Prof. Dr. Yeşim Arat, Türkiye’deki kadın haklarını tartıştığı bir makalesinde 17 Şubat 1926 tarihinde ilan edilen Medeni Kanun’u zamanın koşullarına göre “devrimci” olarak tanımlıyor.
Arat, “her ne kadar kocaların ailenin reisi olduğu ataerkil önyargısını içerse de, Medeni Kanun devrimciydi. Yeni yasaya göre kadınlar, devletle vatandaş olarak ilişki kurma fırsatına sahip olacaklardı,” sözleriyle Cumhuriyetin kurulmasından yalnızca üç yıl sonra, bir ülkenin yasal çerçevesinin çizildiği, temel ilkelerinin belirlendiği yıllarda böyle bir yasayı ortaya koymanın, yeni doğan Türkiye için kadın-erkek eşitliğinin önemsendiğini gösterdiğini, vurguluyor.
Ulus Devletin isteği kadın-erkek eşitliği idi
“Cumhuriyetin kurulduğu 1923 yılından bu yana, kadınlar, yeterince aktif temsilci olamasalar da, modern Türkiye yolunda, vazgeçilmez rolleri nedeniyle her zaman sahnedeydi.
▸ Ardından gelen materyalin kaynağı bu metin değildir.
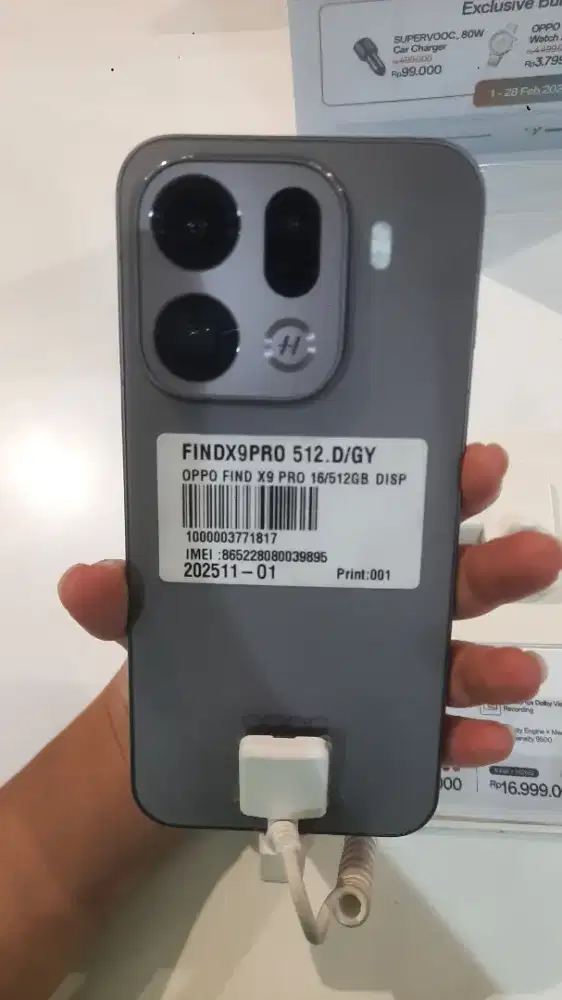 OPPO FIND X9 16/512GB_ TITANIUM GREY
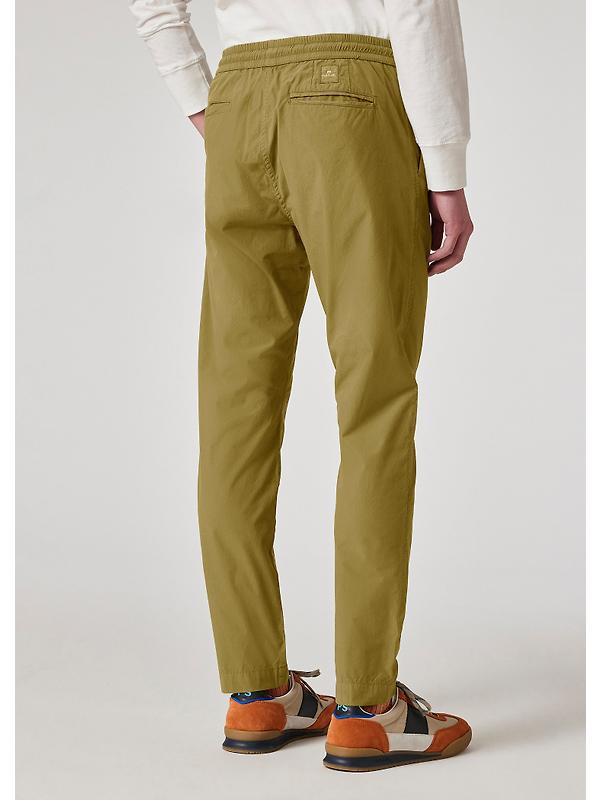 PS By Paul Smith Men's Drawstring Trousers - Lime Image 5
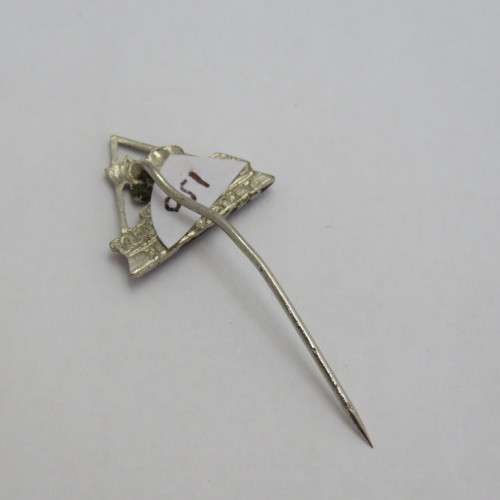 Dieselross tractor pin badge - Vintage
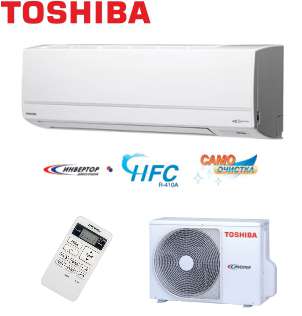 Кондиционер TOSHIBA - EKV. Цена. Барнаул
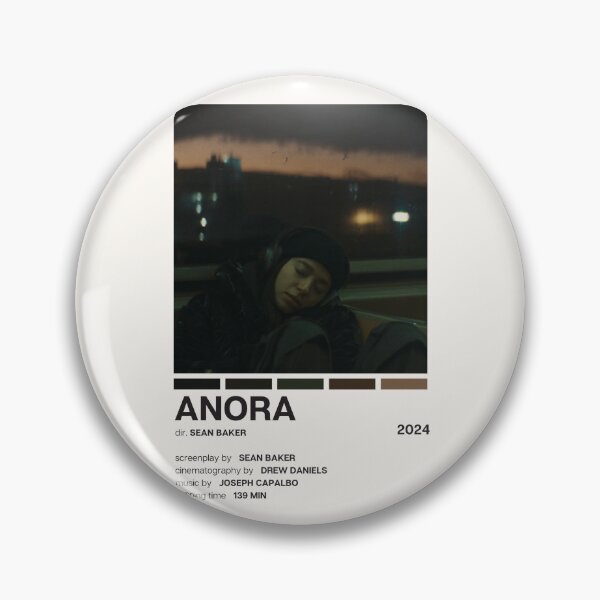 Item preview, Anora (2024) Movie Poster designed and sold by YellowishCat15.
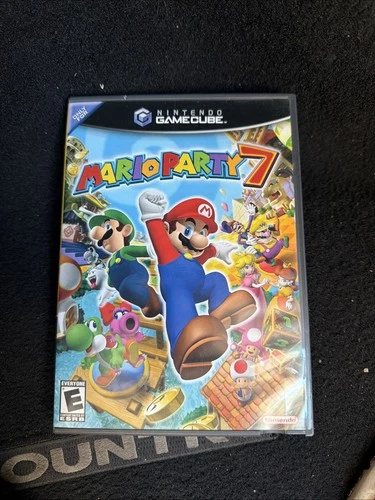 Mario Party 7 (GameCube, 2005) With Manual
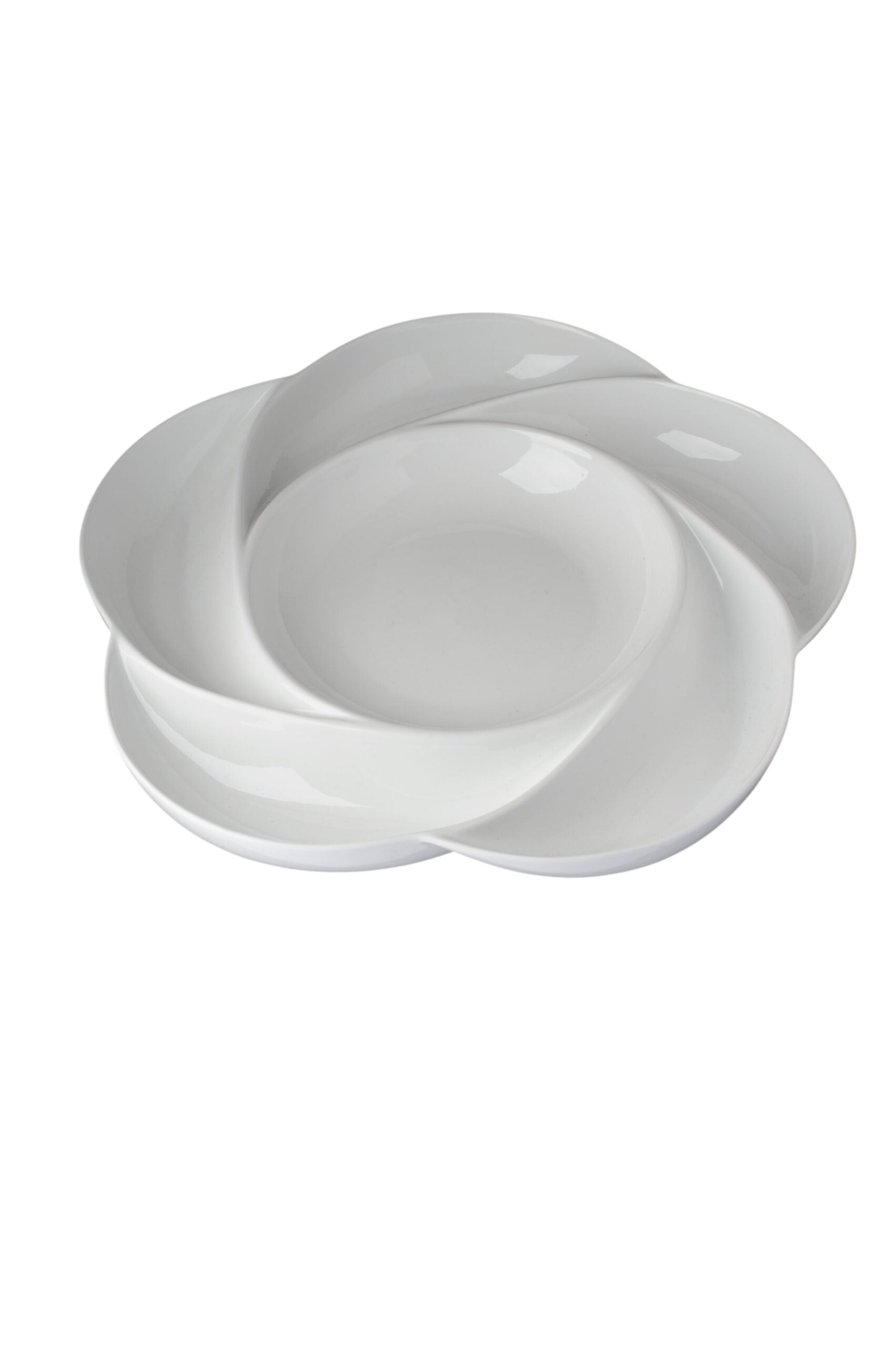 MCIC Specialty Plates 13 inch 6-Section Tray, 6/Case image 0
Öncelikle yasal çerçeve, yeni ulus devletin değişen isteklerini ifade etmek için yeniden tanımlandı,” diyor Arat.
Bu isteklerin içinde İslam hukukunun yerini alacak olan, İsviçre yasasını örnek alacak bir Medeni Kanun da vardı. Kadınlar boşanma miras ve velayet konusunda erkeklerle eşit haklara sahip olabildiler, çok eşlilik kaldırıldı. “Kadınlara bağımlı roller biçen İslamcı muhalefete bir darbe” idi bu.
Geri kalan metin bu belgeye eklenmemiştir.